Heirloomacy

After many years working in international fast moving consumer brands, in 2020 Gavin Pook turned his third-generation green fingers back to the family business growing heirloom tomatoes in west Auckland. With his grandfather’s 1939 Ford V8 pick-up truck in tow, Heirloomacy is on a new mission to grow unique and specialty vegetables for New Zealanders.

Heirloomacy is a large-scale hydroponic produce operation based in Waimauku, West Auckland, with a focus on growing heirloom fruit and vegetable seeds. First established by Gavin’s grandfather Peter in 1968, his father Malcolm left high school at 14 to take over the business. Back then they grew everything, and Gavin would help during school holidays. As an ambitious 13-year-old in the eighties, he did his homework, then proceeded to grow hundreds of kilograms of gherkins, making $27,000 – enough to buy his first car.

After university, Gavin followed the corporate route as CEO of Red Bull New Zealand for over five years. Whilst abroad on work trips he would often enjoy the beautifully quirky tomatoes in places like Barcelona, Paris and Peru.

 

Why heirloom?

Last year, following his father’s retirement, Gavin returned to the growing game but was determined to do things a little differently. With his tenacity and global marketing experience, he’s taken the business down a more artisan and customer-led approach. Seeking advice from chefs and consumers about which varieties they struggle to access, they now focus on lesser known, more difficult to grow varieties.

There’s been huge interest in specialty heirloom tomatoes, and over the past two to three years they’ve worked with Bidfresh to focus on heeding this demand. To be considered an heirloom, the seeds must be traced back at least 100 years. Some of the varietals Heirloomacy grow were handed down from his grandad, and others have French, Spanish, Italian or South American origins.

 

Varietals

The Waimauku Green, the current market favourite, is a Spanish tomato with a distinctive light green skin featuring dark green zebra-like stripes and a vibrant green interior. Chefs love their crisp, bitter, mildly acidic yet full-flavoured nature and the fact that it retains its colour when cooked.

Indigo Rose – Gavin’s personal favourite – is a South American heirloom, notoriously hard to grow and harvest. When on the vine it sports a black (or deep purple) cape to protect itself from birds and insects, but once picked, within 24 hours this dark shade recedes to unveil hues of yellow, magenta and purple. Its flesh is firm, with a slightly sweet, acidic flavour.

Doing things differently

Heirloomacy prides itself on being sustainable and environmentally conscious; their own dam captures rainwater and undergoes an in-house purifying treatment, using UV and osmosis. Within their twin door greenhouses, the produce is fed only organic nutrients with no synthetics or sprays. To support the “farm to plate” model, you’ll often find Gavin delivering direct to restaurants himself.

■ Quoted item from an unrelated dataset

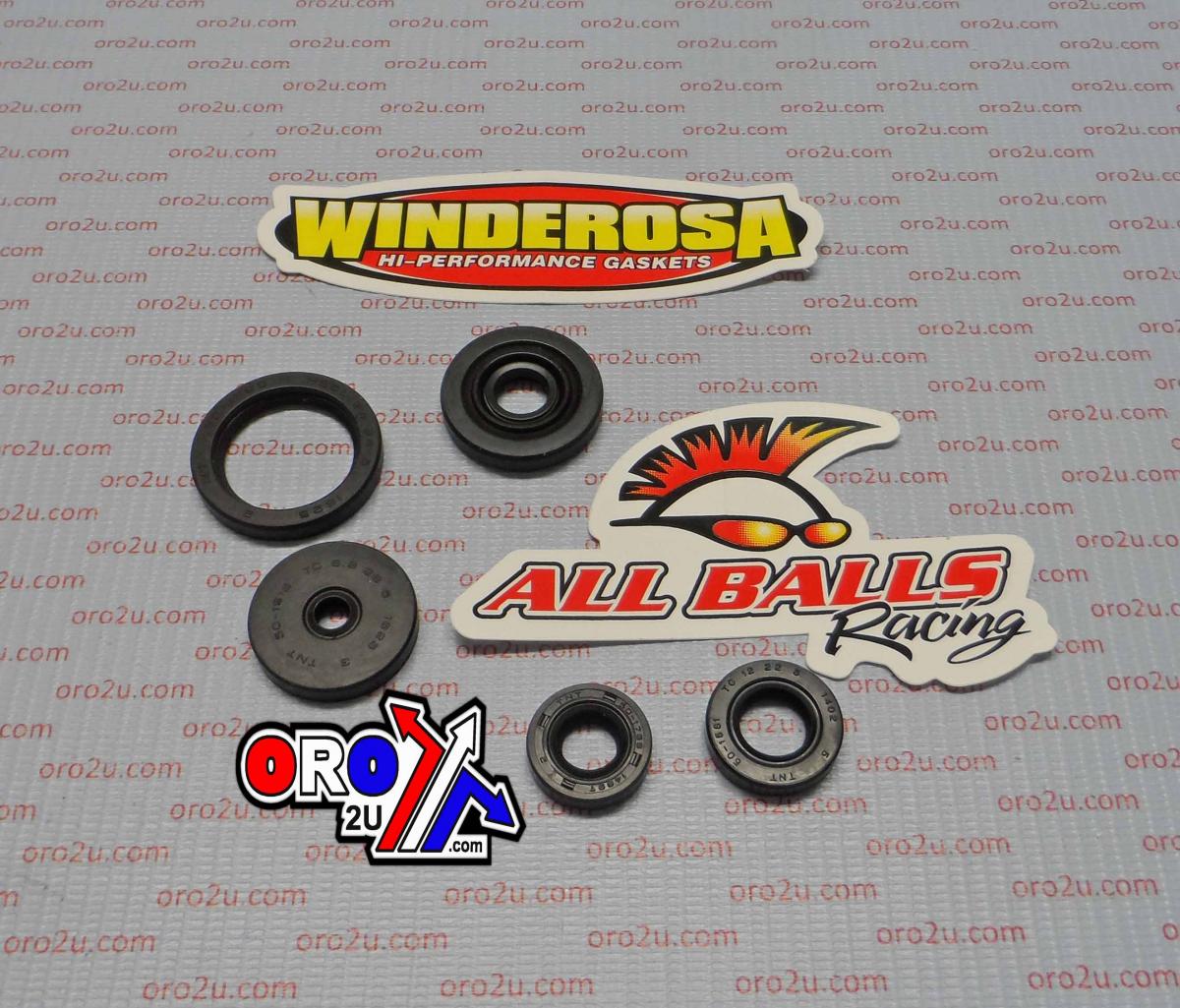WINDEROSA ENGINE OIL SEAL SET YAMAHA YFM80/100 1989-1998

Well known Auckland chef Michael Meredith of Mr Morris encouraged Gavin to grow tomatillos, a popular Mexican nightshade. These tart little green gems are enrobed in a husk and will be available through Bidfresh from the end of September.

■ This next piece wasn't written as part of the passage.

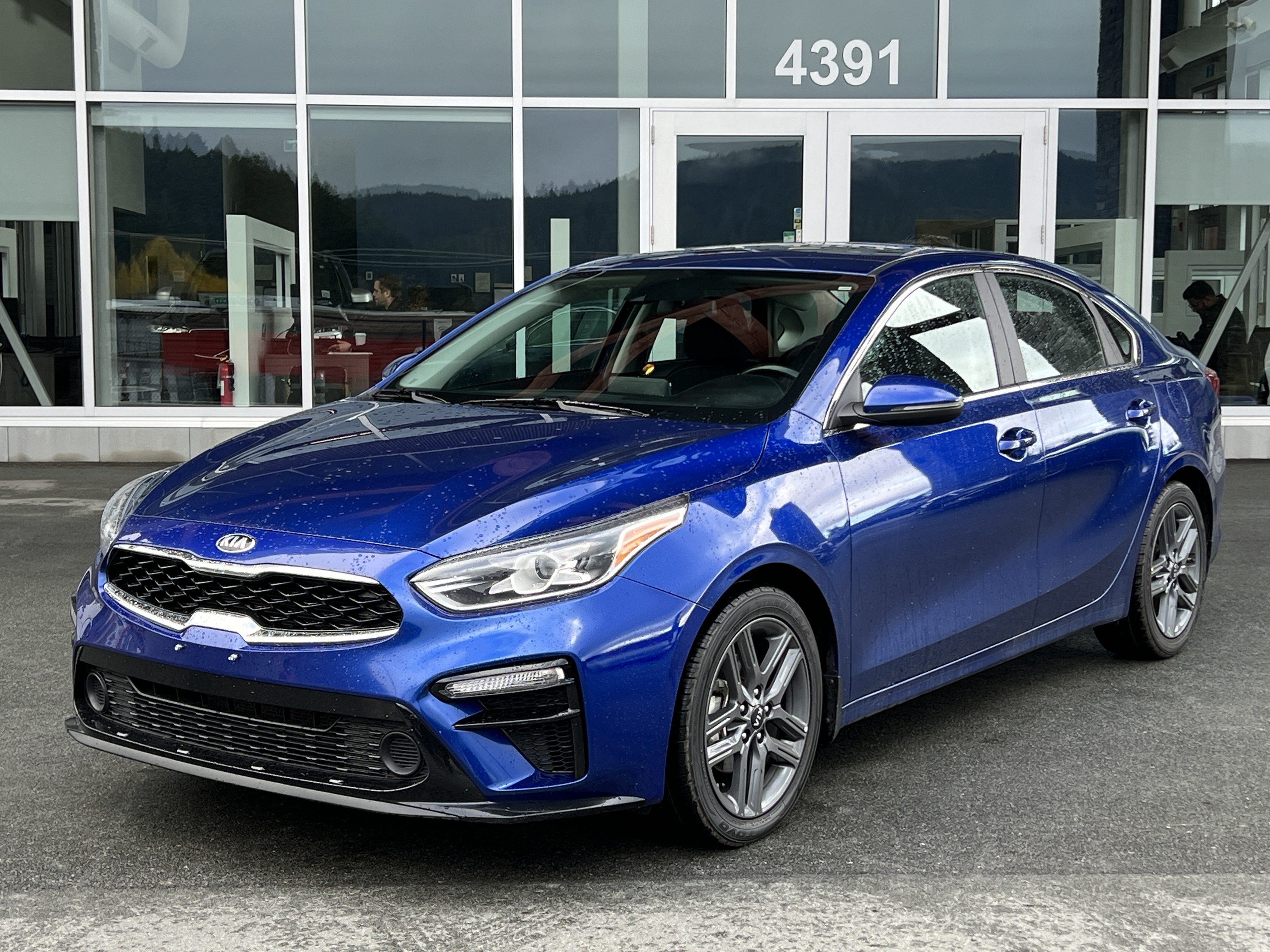 2021 Kia Forte EX+ FWD-Air Conditioning,Heated Seats,Moonroof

Bidfresh are their biggest customer, and Heirloomacy provide stock to branches across the country. Due to the fickle nature of growing heirlooms, what they attempt to do on a commercial scale is considered by many as crazy, or lunacy – a term that inspired the brand Heirloomacy.

 

Looking ahead

Gavin has a strong ambition to keep listening to the market and find niches for sought-after ingredients that are less available in New Zealand. They’re currently growing feisty habanero chillies, small green Spanish Padrón peppers, the sweet and vividly red Italian Corno di Toro or ‘Bull’s Horn’ shaped peppers and are working to meet the enduring demand for locally grown jalapeños.

Enamoured by nature’s engineering, their latest challenge is a tiny, pure white, teardrop-shaped ‘fairy tale’ eggplant, which we can all look forward to seeing as the Heirloomacy story unfolds.